In Lo straniero , considerato unanimemente uno dei capolavori della letteratura novecentesca, Camus dà voce ad alcuni dei temi più caratteristici dell'esistenzialismo nella sua versione tragica e "negativa". Il breve romanzo esprime in modo difficilmente dimenticabile l'incolmabile distanza, anzi (come suggerisce il titolo) la vera e propria "estraneità" che separa l'uomo dal mondo.
La realtà per Camus non ha alcun senso; gli eventi accadono, avvengono senza che il pensiero possa coglierne motivi e significati plausibili: ecco allora che l'uomo, con il suo pensiero, si trova ad essere straniero nel mondo.

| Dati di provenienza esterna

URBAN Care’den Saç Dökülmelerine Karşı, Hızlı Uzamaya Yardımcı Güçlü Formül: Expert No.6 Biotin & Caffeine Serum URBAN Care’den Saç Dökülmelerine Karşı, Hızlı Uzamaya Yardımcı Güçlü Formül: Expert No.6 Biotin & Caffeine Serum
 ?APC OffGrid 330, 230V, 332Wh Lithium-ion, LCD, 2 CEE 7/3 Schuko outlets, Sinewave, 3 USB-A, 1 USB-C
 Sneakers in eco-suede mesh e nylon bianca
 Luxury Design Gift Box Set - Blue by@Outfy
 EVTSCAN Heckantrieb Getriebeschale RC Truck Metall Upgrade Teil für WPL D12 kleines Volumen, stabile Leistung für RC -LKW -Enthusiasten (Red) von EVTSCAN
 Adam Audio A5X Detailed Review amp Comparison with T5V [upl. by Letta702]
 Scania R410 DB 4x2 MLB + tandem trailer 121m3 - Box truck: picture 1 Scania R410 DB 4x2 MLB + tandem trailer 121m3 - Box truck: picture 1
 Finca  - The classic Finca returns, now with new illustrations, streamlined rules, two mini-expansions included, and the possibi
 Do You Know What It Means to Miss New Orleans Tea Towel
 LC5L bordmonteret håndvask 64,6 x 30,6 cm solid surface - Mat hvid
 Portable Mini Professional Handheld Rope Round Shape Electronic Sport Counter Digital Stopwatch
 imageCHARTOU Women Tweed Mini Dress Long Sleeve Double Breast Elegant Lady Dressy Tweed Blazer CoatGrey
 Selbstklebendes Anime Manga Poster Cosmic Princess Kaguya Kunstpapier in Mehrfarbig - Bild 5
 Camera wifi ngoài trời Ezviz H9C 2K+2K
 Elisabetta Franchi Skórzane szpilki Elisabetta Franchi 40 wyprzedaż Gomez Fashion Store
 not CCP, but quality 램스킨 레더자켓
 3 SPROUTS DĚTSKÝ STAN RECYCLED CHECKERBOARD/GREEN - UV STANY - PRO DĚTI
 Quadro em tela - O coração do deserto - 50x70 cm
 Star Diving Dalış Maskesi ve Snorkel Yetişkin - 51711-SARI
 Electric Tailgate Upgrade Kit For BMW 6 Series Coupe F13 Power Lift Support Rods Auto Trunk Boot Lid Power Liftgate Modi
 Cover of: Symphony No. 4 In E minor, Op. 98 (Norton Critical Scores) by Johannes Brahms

Però anche gli atti e i comportamenti umani non riescono a esibire una razionalità in grado di giustificarli, o almeno di giustificarli. Come accade al protagonista de Lo straniero , si può anche uccidere senza saper dire perché lo si è fatto.
Protagonista del libro è Meursault, un impiegato di Algeri, che vive in uno stato di atonia, di totale indifferenza e di estraneità rispetto alla vita. Giuntagli la notizia della morte della madre, si reca senza commozione ai funerali, poi fa all'amore con una ragazza, infine passa la domenica osservando con inerte distacco ciò che gli si svolge attorno. Dopo una lite con due arabi incontrati per caso e un nuovo scontro con loro, minacciato con il coltello, accecato dal sole, ne uccide uno con un colpo di pistola, senza sapere ciò che sta facendo. Poi, senza ragione, spara altre quattro volte sul cadavere. Processato, Meursault viene condannato a morte, senza reazione alcuna da parte sua: si limita ad assistere passivamente al proprio processo. In attesa della morte, ha uno scontro con il cappellano, al quale manifesta la propria totale estraneità ai significati religiosi dell'esistenza: gli resta poco tempo da vivere e non vuole sprecarlo con Dio. Poi si acquieta accettando serenamente il proprio assurdo destino.
Camus Albert
LO STRANIERO
L’INDIFFERENZA E L’ASSURDO.
“Cosa mi importavano la morte degli altri, l’amore di una madre, cosa mi importavano il suo Dio, le vite che ognuno si sceglie, i destini che un uomo si elegge, quando un solo destino doveva eleggere me e con me miliardi di privilegiati che, come lui, si dicevano miei fratelli? Tutti sono privilegiati. Non ci sono che privilegiati”.(Albert Camus, “Lo straniero”, parte seconda, capitolo XI)
Un telegramma, in apertura, annuncia al protagonista del romanzo, Meursault, modesto impiegato di Algeri, la morte della madre. Era ricoverata già da tempo in una casa di riposo, a sessanta chilometri da Algeri, a Marengo. Meursault sembra non tradire nessuna emozione. Non piange, non si dispera, non si abbandona al ricordo. Si prepara, e parte. Si congeda dalla madre. Restando freddo. All’opposto, registra con maggior interesse la variopinta umanità dell’ospizio. Dialoga con il portinaio d’origine parigina, studia con attenzione le reazioni commosse degli altri degenti, tenta senza convinzione di giustificarsi con il responsabile della casa di cura per la sua distanza dalla madre negli ultimi anni. Partecipa al funerale, abulico. Sogna soltanto di dormire. Di ritirarsi da quella scena e da quelle persone. Svanire.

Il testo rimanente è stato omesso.